[Task goal] Every record below should be written out exactly; pictures stay out.

Saved entries:

= Beginning of Section =

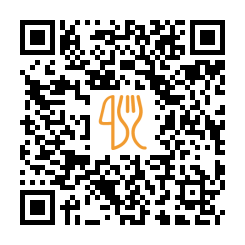 QR-code link para o menu de 네네치킨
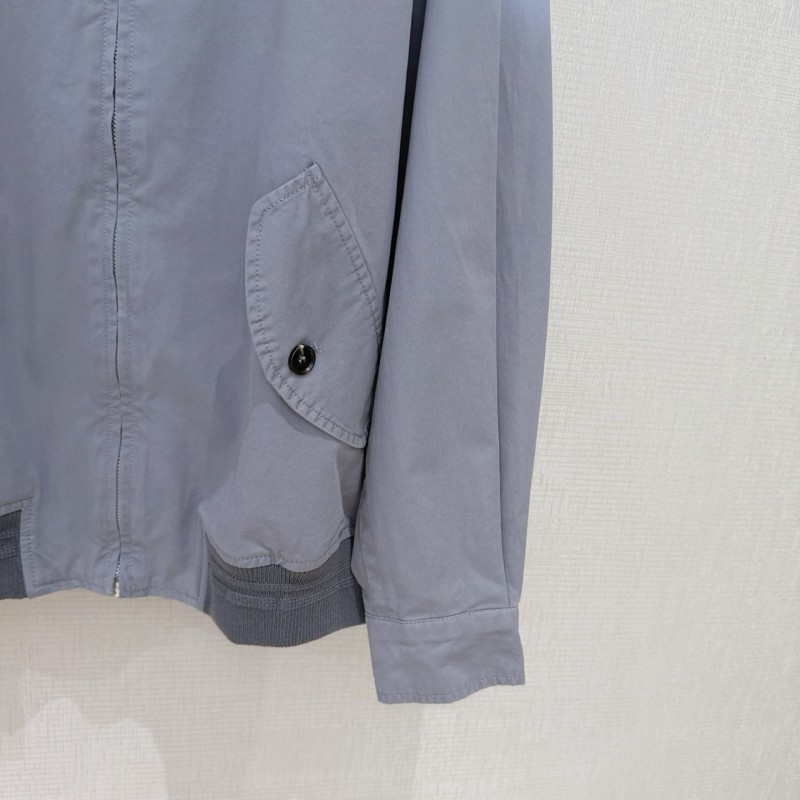 MiuMiu Jackets 
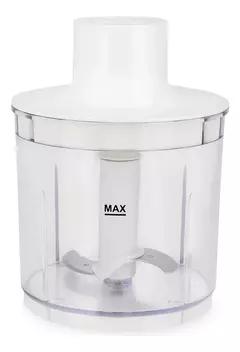 MIXER ATMA 8528AP BCA+600W+INOX+VASO+BATE+LICUA en internet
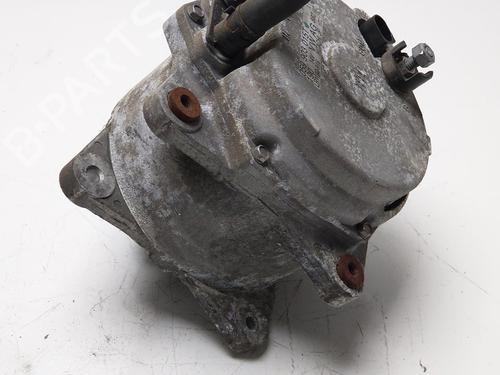 Generator AUDI A8 D3 (4E2, 4E8) 4.2 TDI quattro | BP24296407M7 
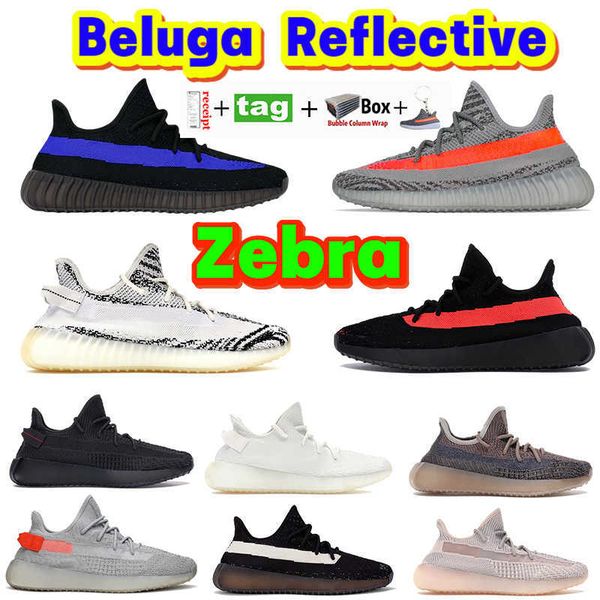 designer v2 casual shoes west beluga reflective dazzling blue sand taupe mens sneaker kw zebra cream white earth core black red men women
designer v2 casual shoes west beluga reflective dazzling blue sand taupe mens sneaker kw zebra cream white earth core black red men women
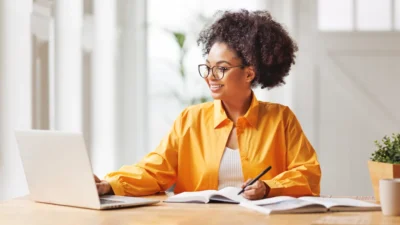 What Is Administrative Experience? Skills, Examples, and Career Value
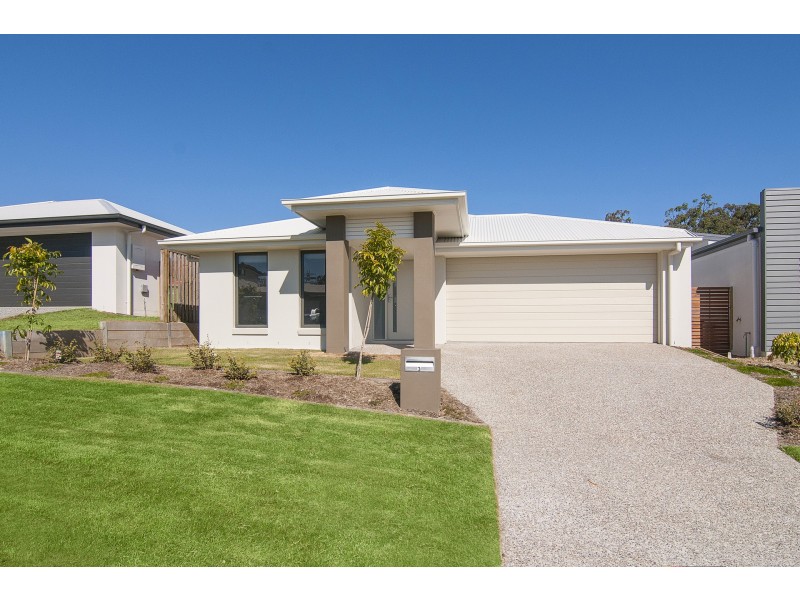 3 Idalia Street, Pimpama QLD 4209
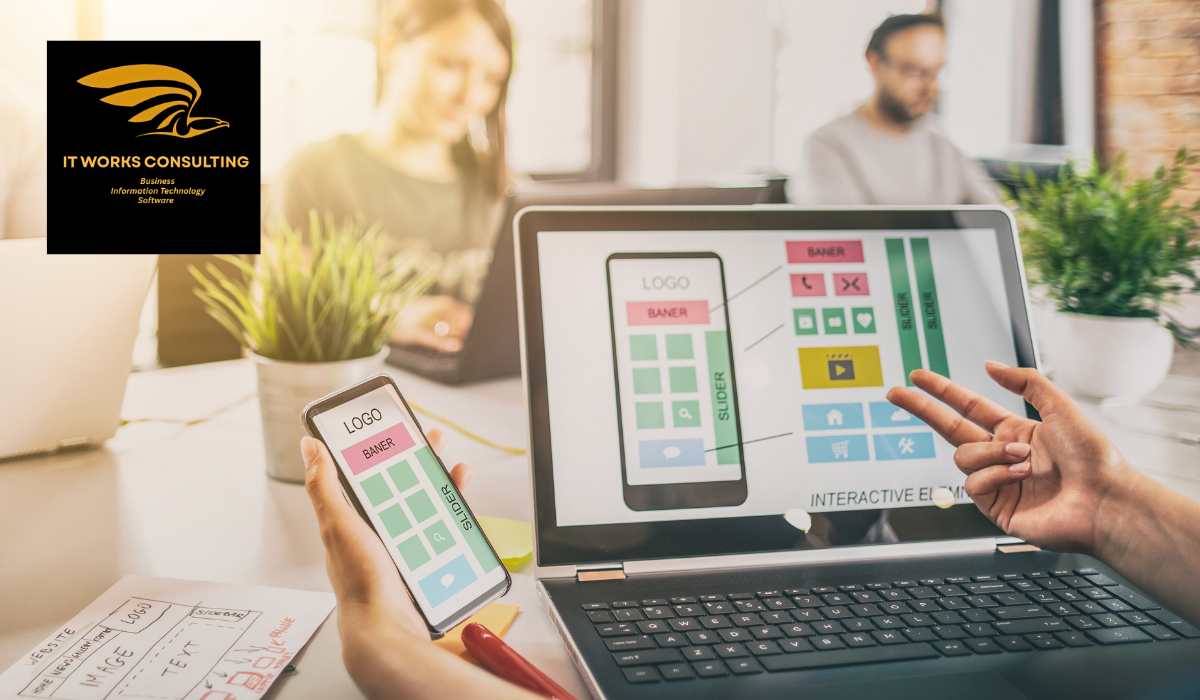 Android App vs Website: Which Is Better for Your Business?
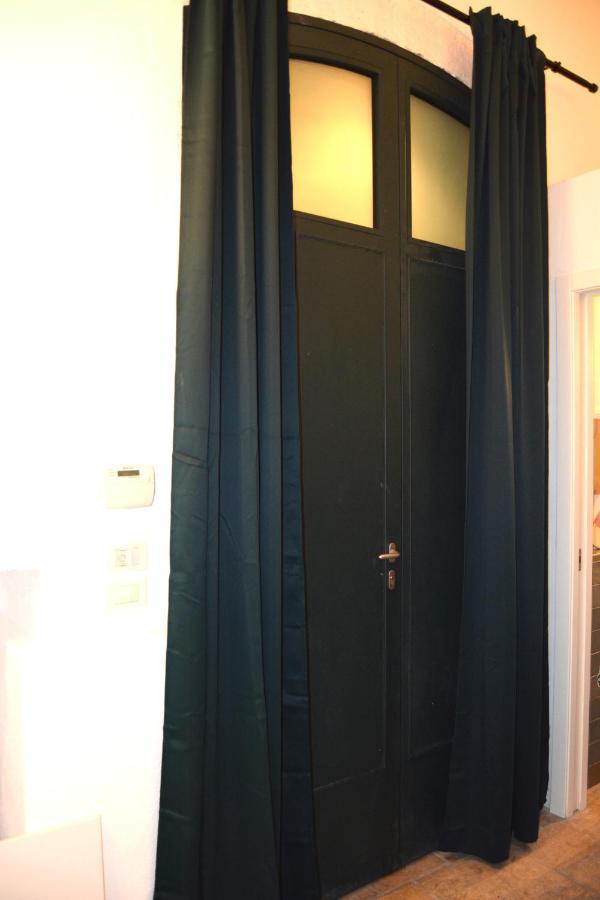 Appartement Little *
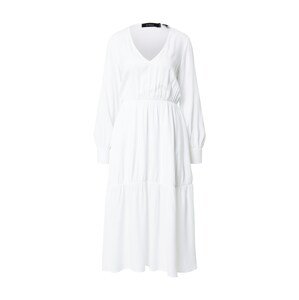 NU-IN Kleid  fehér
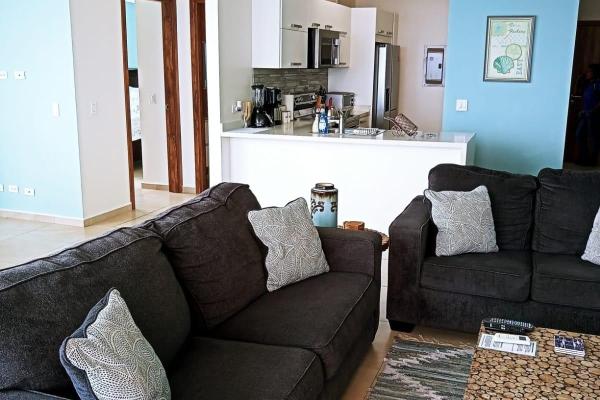 Sale: penthouse in gorgona, ph royal palm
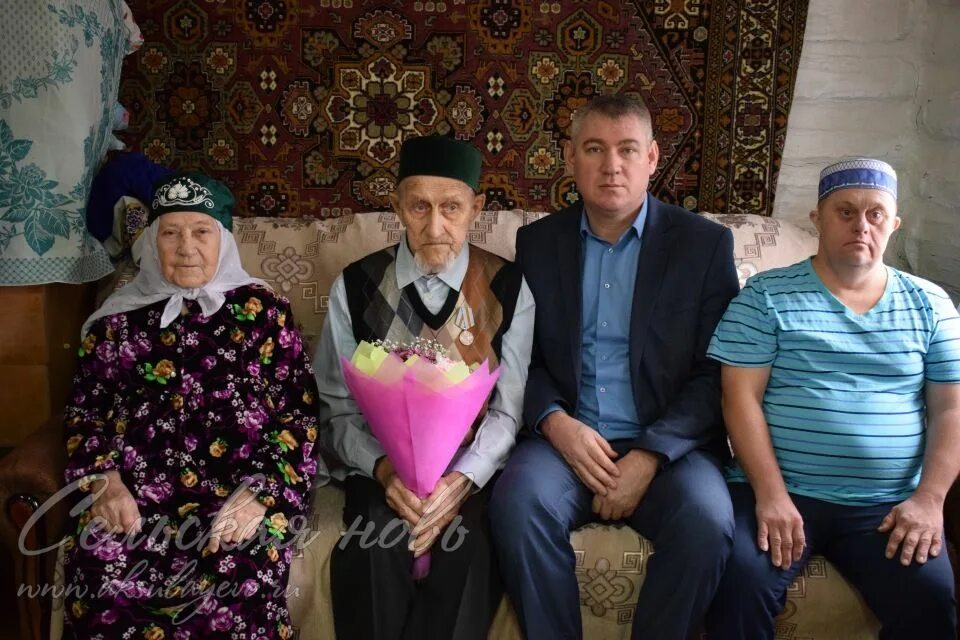 Ибрайкино татарстан. Ибрайкино татарстан. Новое ибрайкино. Иске ибрай авылы. Яна ибрайкино аксубаевский район.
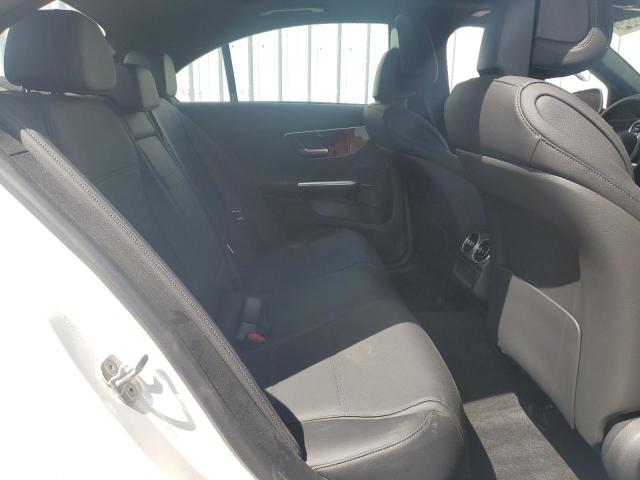 W1KAF4GB8RR179002 Mercedes-Benz C 300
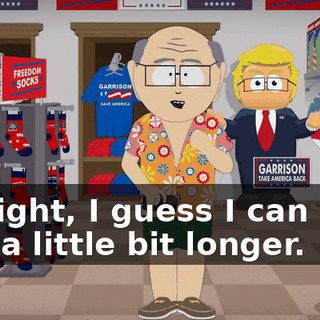 03e78b0c-dbb8-4c62-a0ec-5dbc0a8874fa.gif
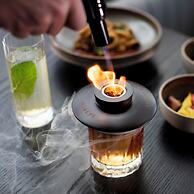 Pullman Sydney Penrith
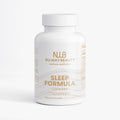 Sleep Formula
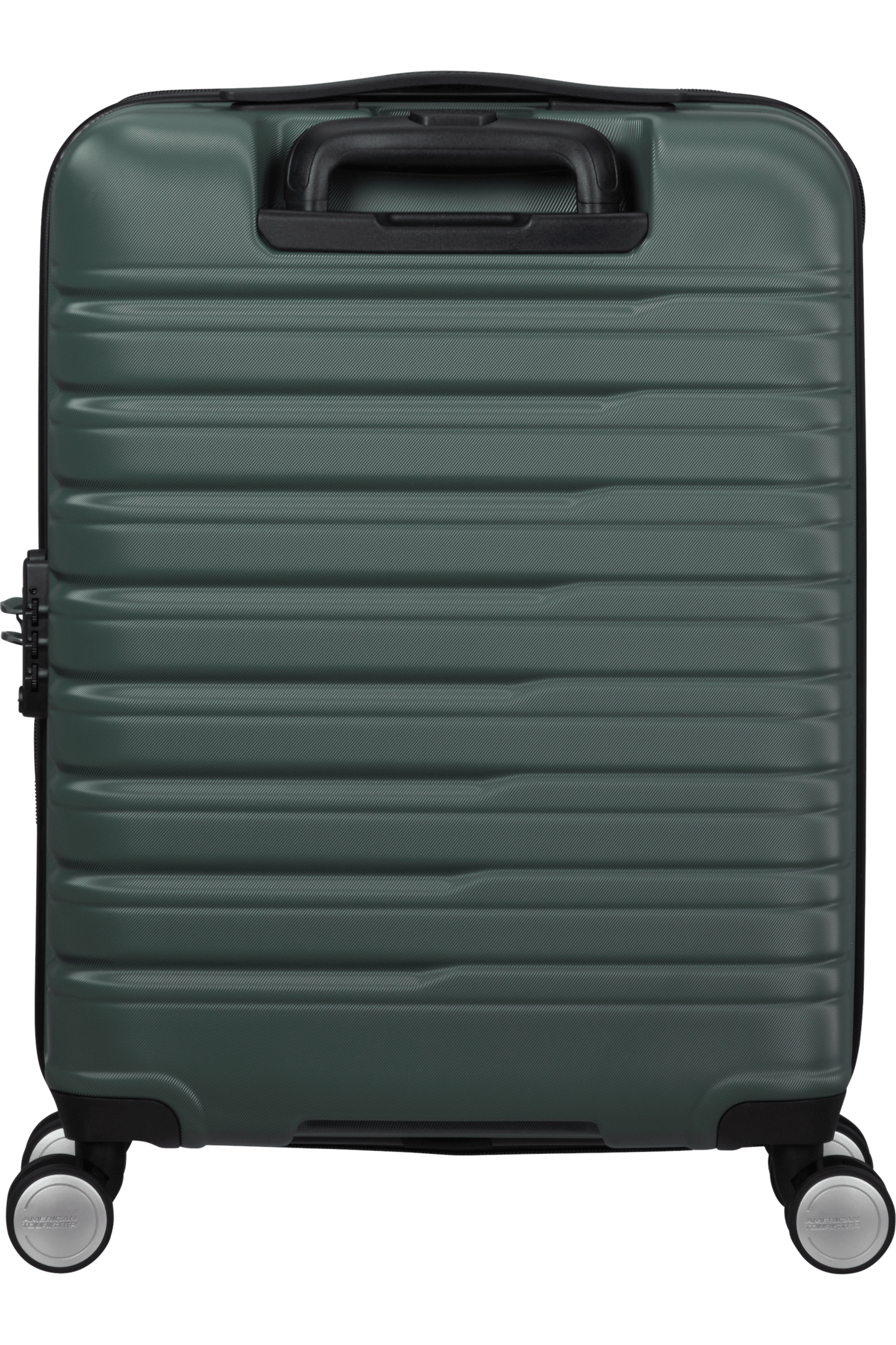 Trolley cabina American Tourister Flashline 55 cm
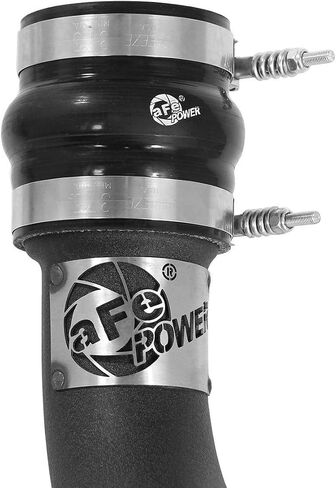 aFe Power 46-20132-B BladeRunner GT Series Intercooler/Tube (Non-CARB Complaint) in Saudi Arabia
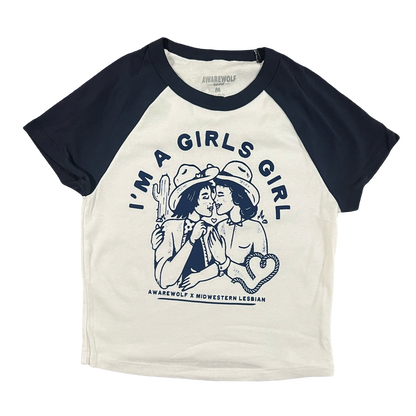 Girls Girl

= End of Section =

[Exercise result]
 QR-code link para o menu de 네네치킨
 MiuMiu Jackets 
 MIXER ATMA 8528AP BCA+600W+INOX+VASO+BATE+LICUA en internet
 Generator AUDI A8 D3 (4E2, 4E8) 4.2 TDI quattro | BP24296407M7 
 designer v2 casual shoes west beluga reflective dazzling blue sand taupe mens sneaker kw zebra cream white earth core black red men women
designer v2 casual shoes west beluga reflective dazzling blue sand taupe mens sneaker kw zebra cream white earth core black red men women
 What Is Administrative Experience? Skills, Examples, and Career Value
 3 Idalia Street, Pimpama QLD 4209
 Android App vs Website: Which Is Better for Your Business?
 Appartement Little *
 NU-IN Kleid  fehér
 Sale: penthouse in gorgona, ph royal palm
 Ибрайкино татарстан. Ибрайкино татарстан. Новое ибрайкино. Иске ибрай авылы. Яна ибрайкино аксубаевский район.
 W1KAF4GB8RR179002 Mercedes-Benz C 300
 03e78b0c-dbb8-4c62-a0ec-5dbc0a8874fa.gif
 Pullman Sydney Penrith
 Sleep Formula
 Trolley cabina American Tourister Flashline 55 cm
 aFe Power 46-20132-B BladeRunner GT Series Intercooler/Tube (Non-CARB Complaint) in Saudi Arabia
 Girls Girl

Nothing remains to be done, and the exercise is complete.